Well, we all knew Spain's justice system was unfit for purpose but who predicted that the country's top judge would not only state this publicly but also admit it was fit only for dealing with chicken thieves and not politicians (apparently all of them) and businessmen who commit complex crimes that Spain's investigational system is ill-equipped to handle. To rub it in, the judge stressed what we all know - There can't be a true democracy without a fully functioning judicial system. It's either that, an effective dictatorship of the rich or a revolution. The odds on the latter may have just lengthened a tiny bit. The government, of course, will now make nice noises, before retiring the judge. It's hard to imagine them tackling the massive task of changing the investigational system to an accusatorial one. Especially if they lose the power to influence judicial decisions and to grant pardons at will.
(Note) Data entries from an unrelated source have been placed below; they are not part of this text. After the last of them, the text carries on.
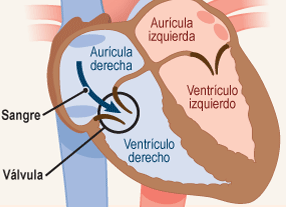 Presion sistólica del ventrículo derecho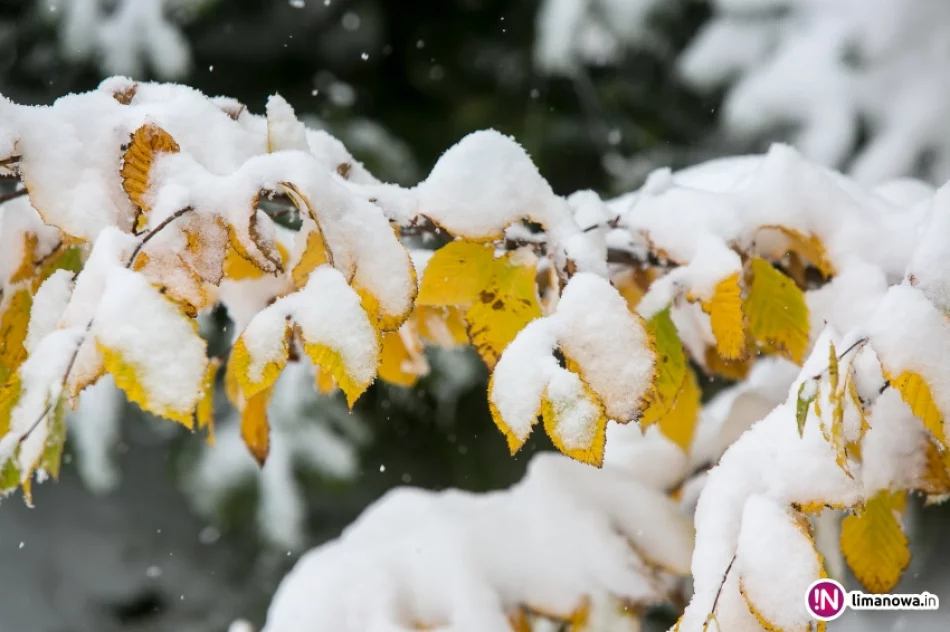 Białe lato, czyli zima 12 października 2015 roku - zdjęcie 3
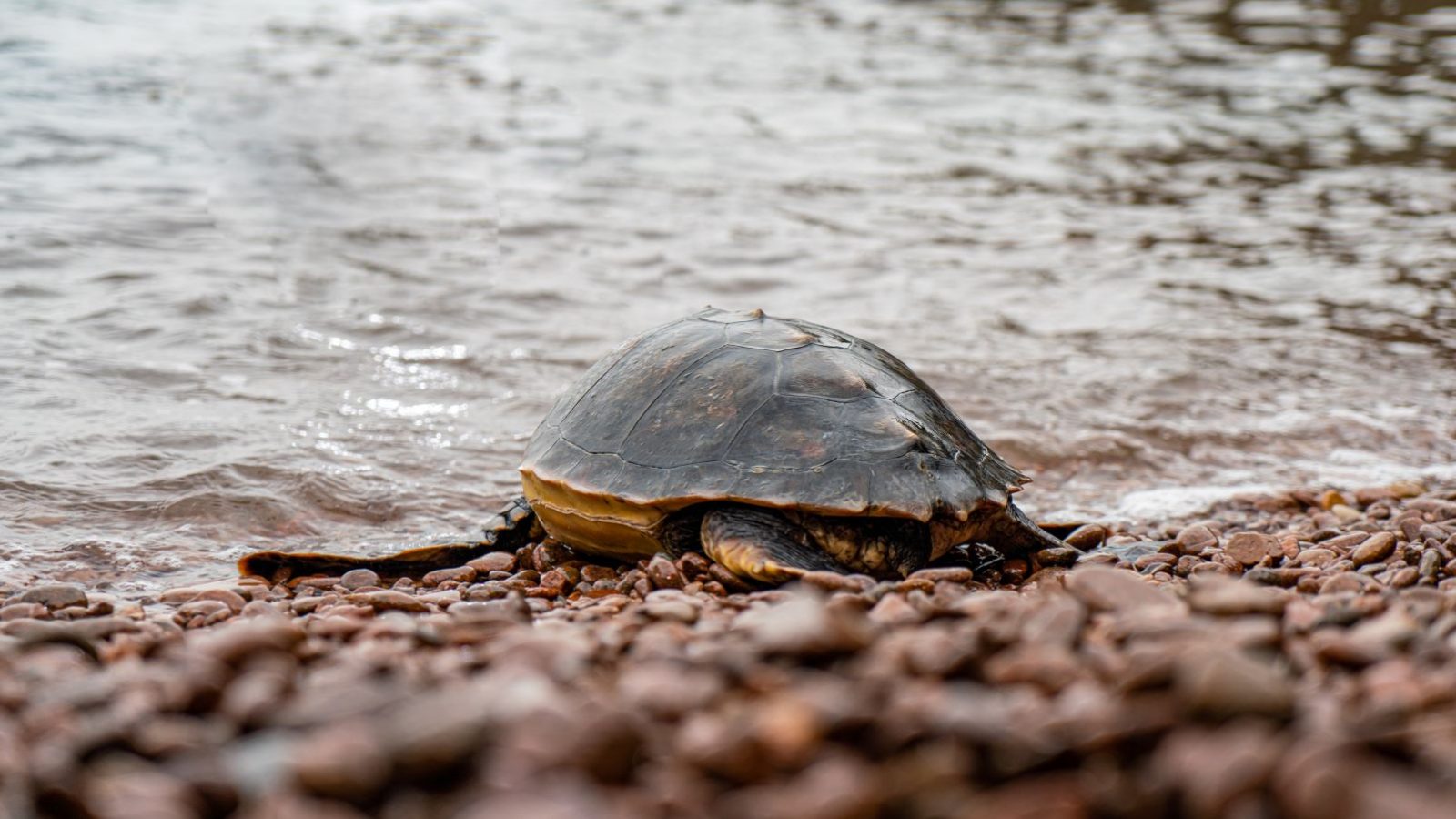 Tortue Lily remise a l_eau©Esterel Cote dAzur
So maybe we'll have a revolution after all.

Spanish law imposes fines for driving offences which 'border the surreal'. I've mentioned the one for turning your head more than 45 degrees. Another is hanging a tiny catapult ('Chinese thrower' - tirachinos - by the way) or a rosary from the rear-view mirror. I'd cite others but the Diario de Pontevedra article appears to have disappeared from the net.

Talking of Ponters . . . The Local tells us Pontevedra Province (Cap. Pontevedra City) is, like Bath, promoting its Roman spas. Which is a good idea. Ironically, though, their foto is of the thermal pool in a very un-Roman modern (and illegal) hotel. Which may or may not be there next summer.

Did you know that in 1499, many feared the world would end the following year. In the event, the 1500 Bug was as effective as the Millennial Bug of 2000. Obviously.

Yet another of those nice Spanish verbal distinctions:-
Un ramero - A young hawk hopping from branch to branch.
Una ramera - A whore.

Finally . . . I've been here 14 years and, until yesterday, I was the only person who didn't know that the society beauty Isabel Preysler was famous not only for her 3 husbands but also for falling unconscious after orgasm. Someone - not me - has suggested this makes her a perfect horizontal partner. No post-coital chat.

PS: Beware of Wazzaroo on Facebook. It seems that, if you open one of their videos sent by a friend and accept their conditions, they'll send all sorts of videos over your name to your FB friends without your knowledge. And they'll end up wondering about your tastes. And possibly avoiding you. Here's one Spanish complaint about this.


Alfred B. Mittington said...

To the best of my knowledge, a Tirachinos is not a Chinese Thrower but a Thrower of Chinese. Which in this case in not one of our 1.3 fellow world citizens, but simply 'pebbles'. Thus behind the Alhambra of Granada, there is the Cuesta de los Chinos. No Chinese person was ever spotted there. It is called after the pebbles that make up its tarmac.


Colin Davies said...

Alfie, Chinese Thrower and Thrower of Chinese are the same thing in English, though the former can also have the meaning you give it. Which is why I pondered but decided to leave it as its rather than add more words in the brackets.

But, yes, you are right about the pebbles. But the Spaniards I asked (sadly only women) didn't now this.

Alfred B. Mittington said...

IF a word group is open to two interpretations, AND one is not out to make a jeu-de-mots, THEN one ought to avoid using it, IF a clearer alternative is available.

Kindly do not try to correct Alfred B Mittington. ESPECIALLY when one writes ITS instead of IT IS (or IT'S). Or comes from Liverpool. Or both.

Your, faithful friend, Al.

Colin Davies said...

OK, Alfie. You had better read you blog drafts even more carefully than usual. I am cancelling my policy of not remarking on errors.

WTF did you get that first para from? Fowler?

And you missed 'now' for 'know'.

Alfred B. Mittington said...

Alfred B Mittington does not need the Fowler Brothers to produce a sentence that rings in your ear.

And Alfred B Mittington does not commit errors. He enriches the language, with new linguistic species.